Ещё бы не смеяться... над таким-то цирком!

И вот что интересно: всего час назад, злясь на опоздание Нины Тимофеевны, Андрей даже подумывал, а не плюнуть ли, не взять ли эту молодую? Понятно, что долго не протянет, хорошо, если хотя бы до конца месяца, но, может, за это время удастся подыскать ещё кого-то?

А теперь вдруг чётко понял, что нет. Не вариант. Вся эта свистоплясия — стрельба глазами, молодые гормоны и романтический флёр, который такие вот юные особы приписывают ментам — этого он уже нажрался в своей жизни, аж до сих пор тошнит.

Строго оправив китель и подтянув галстук, прошёл к своему столу. Не глядя по сторонам, выдернул из-под горы печенья лист, глянул на оборот: ну так и есть — его вчерашний, так и недописанный рапорт. Не выдержал, послал Харламову предельно понятный взгляд...

В кабинете висела тишина. Но если опера́ просто затаились, с интересом наблюдая, что же дальше, то Краснова, кажется, уже теряла сознание от страха. Вот и хорошо.

Снял и отложил на край стола фуражку. Нарочито медленно достал из ящика чистый лист, положил перед собой. Выровнял. Сложил руки на столе и наконец, поднял взгляд.

— Слушаю вас, гражданка Краснова.

Хмурился изо всех сил, напуская на себя того самого знаменитого «Ивановского строгача», который сломал сопротивуху такого количества подозреваемых, что, кроме своего портрета на доске почёта ещё и «внеочередного майора»[1] в своё время получил.

Но сейчас что-то явно шло не так. И хотя побледневшая Краснова, замерев, как кролик перед удавом, только и делала, что беспомощно хлопала глазами — сам Андрей тоже чувствовал себя... странно.

Чертовски хотелось отвести взгляд, но было нельзя. Давить, так давить! Вот только и дальше смотреть становилось всё труднее — брови, будто в самоволку, неудержимо ползли из строгой кучи куда-то наверх, в умильный домик, а под ногами вместо твёрдой земли опять колыхалось чёртово облако. И ком в горле, который хочется сглотнуть, но тоже нельзя.

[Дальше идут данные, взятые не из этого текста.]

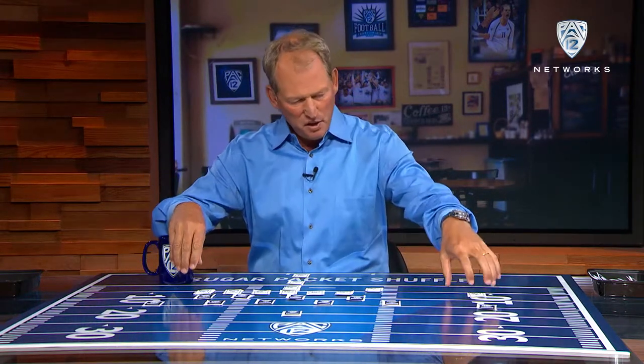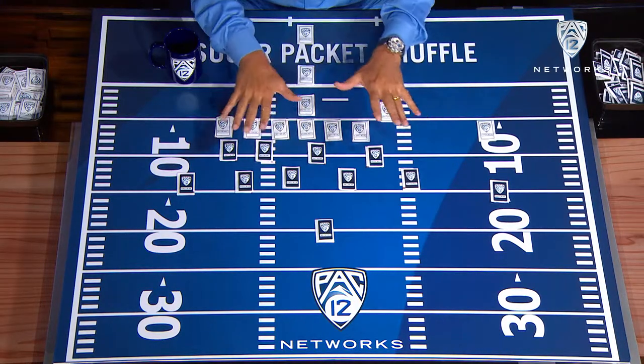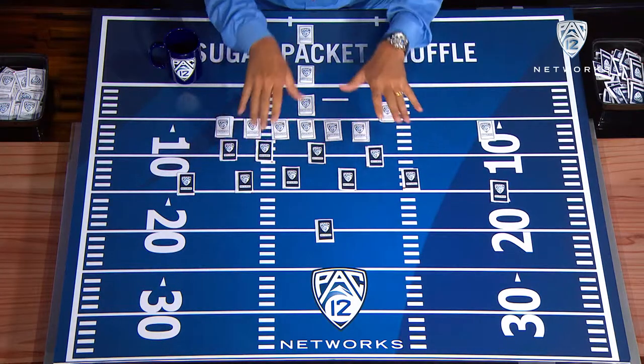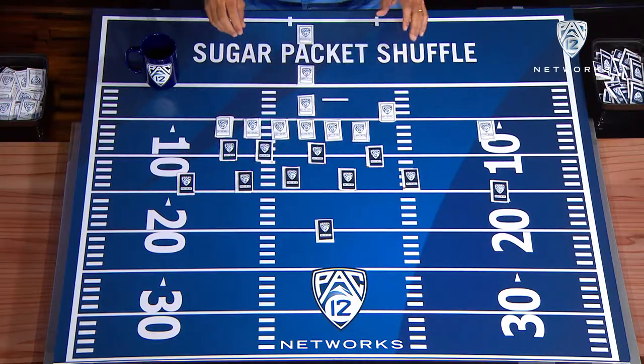And so I said, okay, and I pulled out all the blue packets and all the pink packets and I put them on the table and we started moving them around so she could understand why football teams do what they do. Well here at the PAC-12 coffee house, you can see we've got our own sugar packets. We're going to use the dark blue for our defense, the white for our offense, and we're going to show you a little bit about what Stanford does.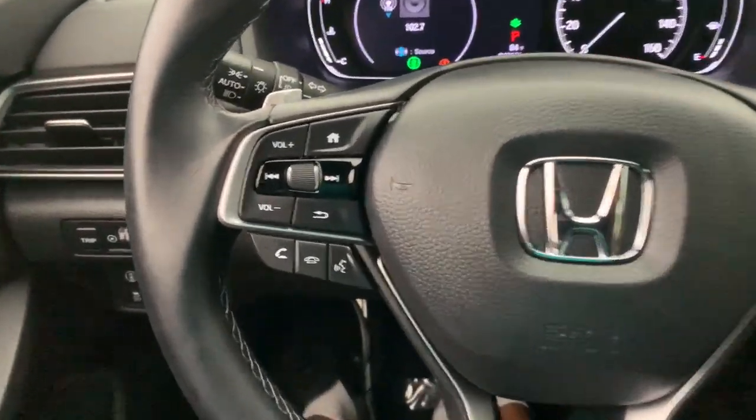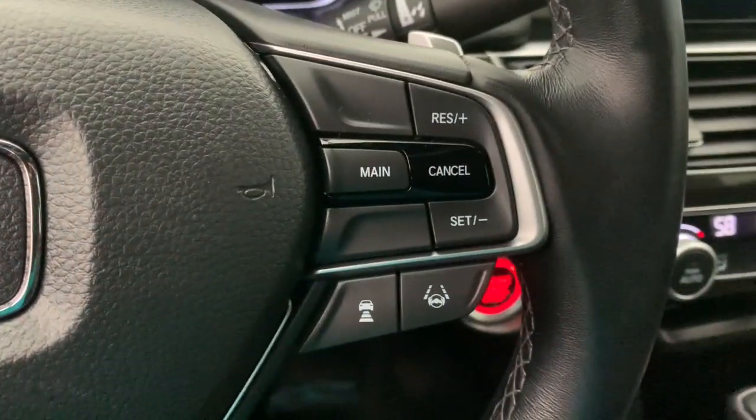It's time you treated yourself to the best. This Honda Accord is waiting — come in and drive it today.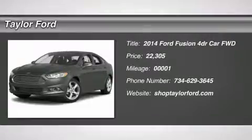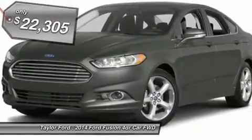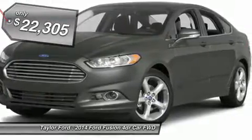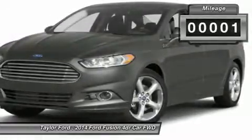The 2014 Ford Fusion. You can have both impressive power and great economy in a Fusion, and it is priced below $25,000. This vehicle has less than 100 miles.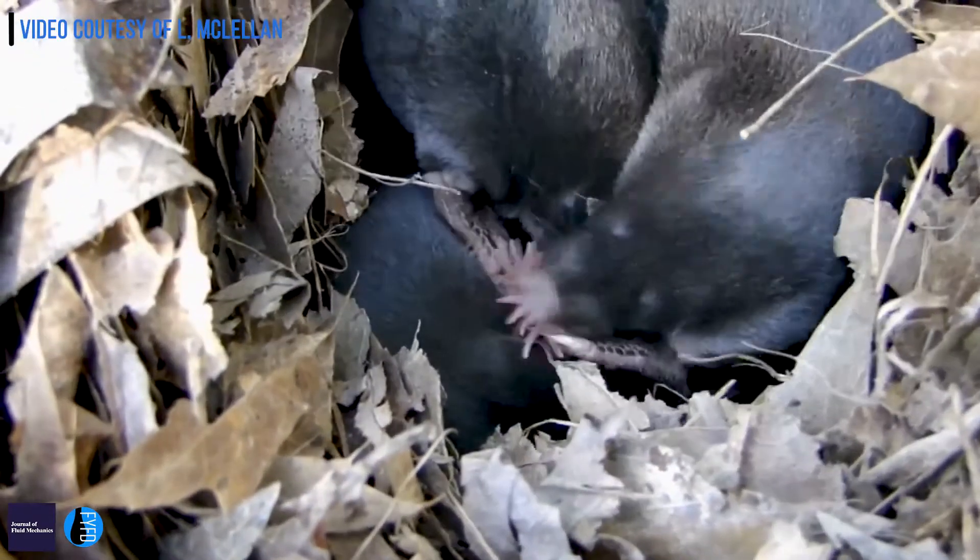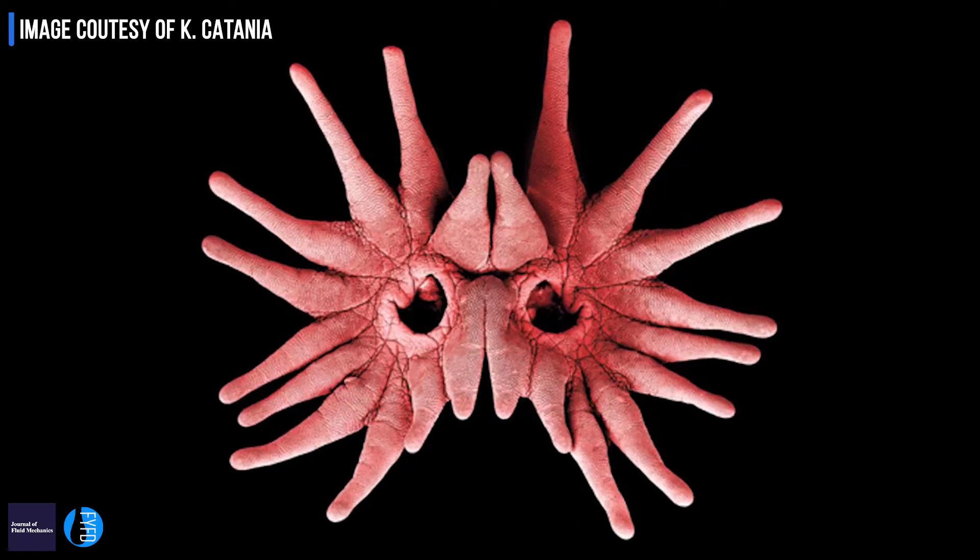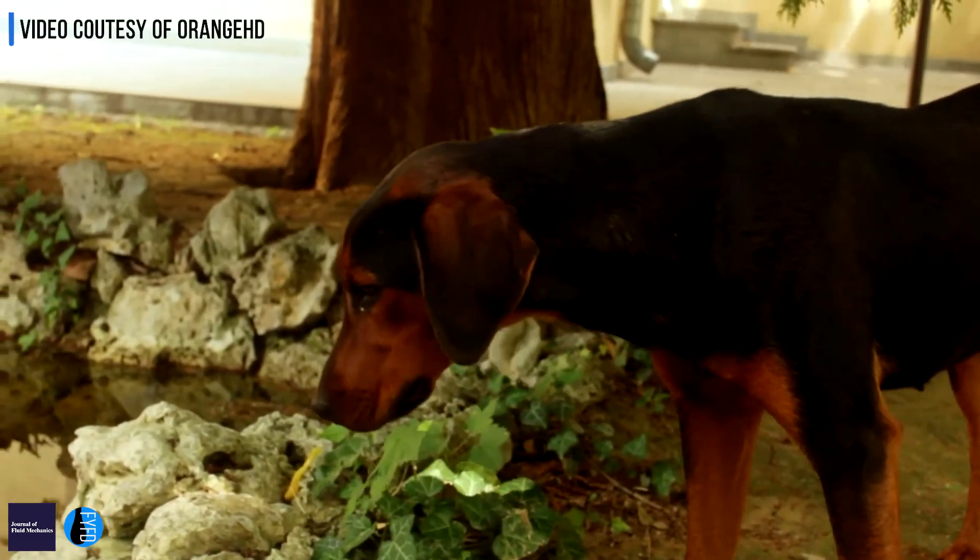So if you've never seen a star-nosed mole before, it can be quite shocking. Probably the most noticeable feature is that they have sort of like these fingers growing out of their nostrils. Sort of like how a dog would sniff for prey on land, these do it at the bottom of swamps by blowing bubbles out of their nose and then sucking the bubbles back in really, really fast to pick up odors.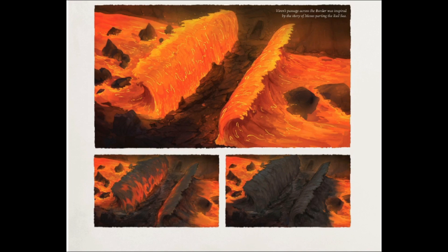We get to see Viren's passage across the border, which was inspired by Moses' parting of the Red Sea — pretty obvious to anyone who has watched The Ten Commandments. You can very clearly see they're drawing inspiration from that, and it's just pretty neat doing it with lava instead. So much cooler than water. I'm not saying the Dragon Prince is better than the Bible — I'm just saying that in this one specific instance, lava is cooler than water.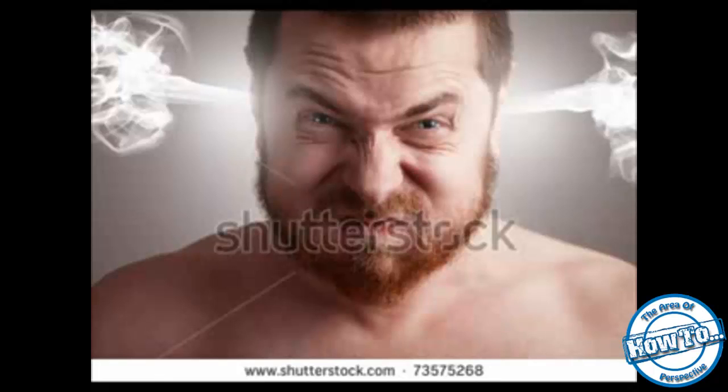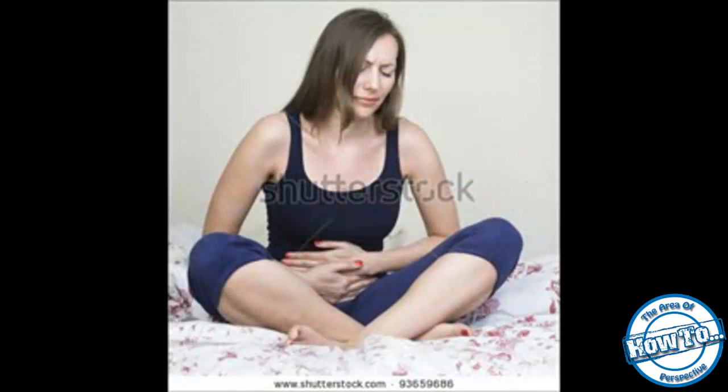Enemas. Enema is a process of introducing liquids into the rectum and colon via the anus. There is also a disposable enema device that comes with sodium phosphate solution, a common laxative that you can use at home to have quick constipation relief.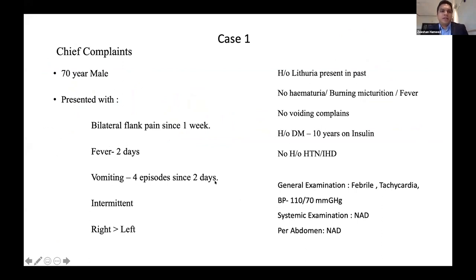The first case is a 70-year-old gentleman who presented with bilateral flank pain. He had fever and vomiting, with pain more on the right side compared to the left. He has been a diabetic for the past 10 years on insulin.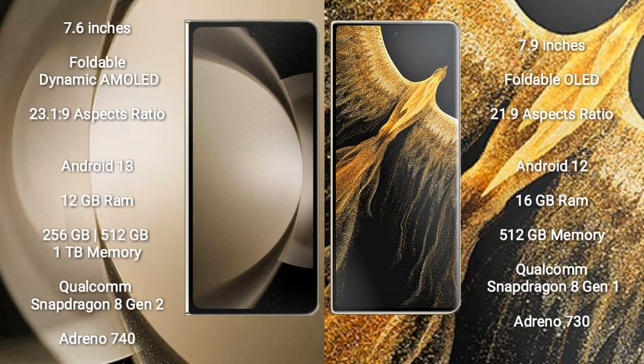Samsung Galaxy Z Fold 5 comes with 12 GB RAM and 256 GB to 1 TB internal storage, Qualcomm Snapdragon 8 Gen 2 processor, and GPU Adreno 740. Honor Magic VS Ultimate comes with 16 GB RAM and 512 GB internal storage, Qualcomm Snapdragon 8 Gen 1 processor, and GPU Adreno 730.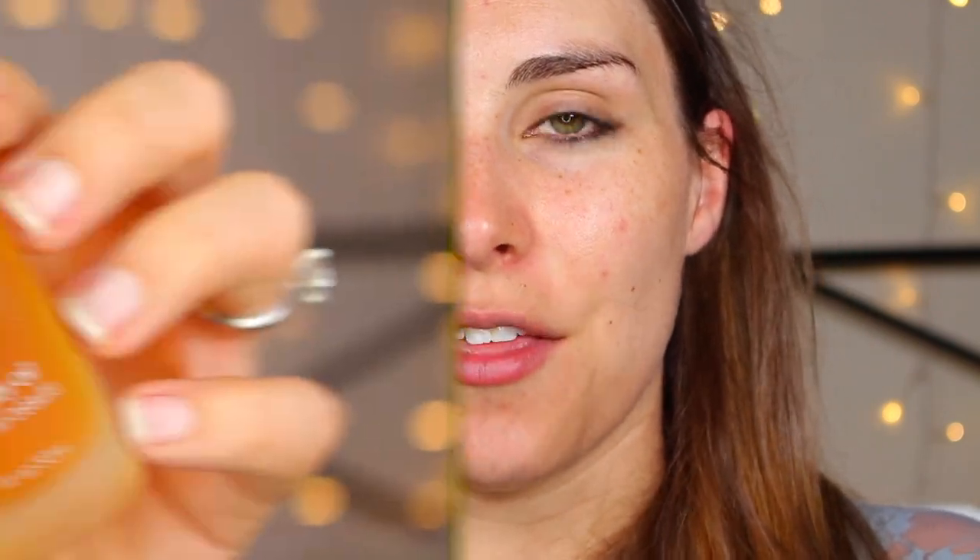I recently picked up a lot of RMS Beauty stuff and I want to do a separate full face using RMS Beauty. But this is the only new concealer I have right now. This is the Uncover Up in shade number 22. Part of the reason I picked it up — I was on vacation and checked out a beauty boutique with an RMS display. Someone walked me through the products, including the tip that you can drop in the RMS Beauty Oil to thin the concealer and apply it as a foundation too.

Положение спас Петров, помощник Андрея. Ворвался в кабинет, потрясая кипой бумаг:

— Андрей Иванович, завал на сегодня! Два мордобоя, три жалобы, очередной УДОшник[2] и ориентировки на...

И замолчал, уловив, наконец, атмосферу. Но лёд тронулся. Андрей с облегчением протянул руку:

— Давай! — забрал бумаги. — Далеко не убегай, сейчас рапорт подобью и на участок рванём. Оксана Васильевна, если у вас по существу ничего нет, то не смею задерживать. И обратите внимание, там, на двери снаружи, указаны мои приёмные дни и часы. — И, давая понять, что разговор окончен, демонстративно раскрыл папку с обращениями. — До свидания.

И она вдруг очнулась:

— Нет, подождите! Я... — суетливо зарылась в лежащий на коленях пакет, — я принесла вам... — достала вчерашние рекомендации и ещё какие-то новые бумаги. — Вот, я принесла дополнительную характеристику из института и отзыв с прежнего места работы. Он, правда, в свободной форме, но это только потому, что времени было мало, и я...

Она ещё что-то лепетала, раскладывая на столе бумаги и неловко пытаясь отодвинуть лежащее перед ней печенье, а Андрей смотрел на неё... и уже почти ненавидел. За голос её мягкий, за вновь вспыхнувший взволнованный румянец и порхающую на скуле тень от длинных ресниц. За то, что ресницы эти сегодня были подкрашены ярче вчерашнего и вдобавок подведены стрелками. И помада на губах, которой вчера не было.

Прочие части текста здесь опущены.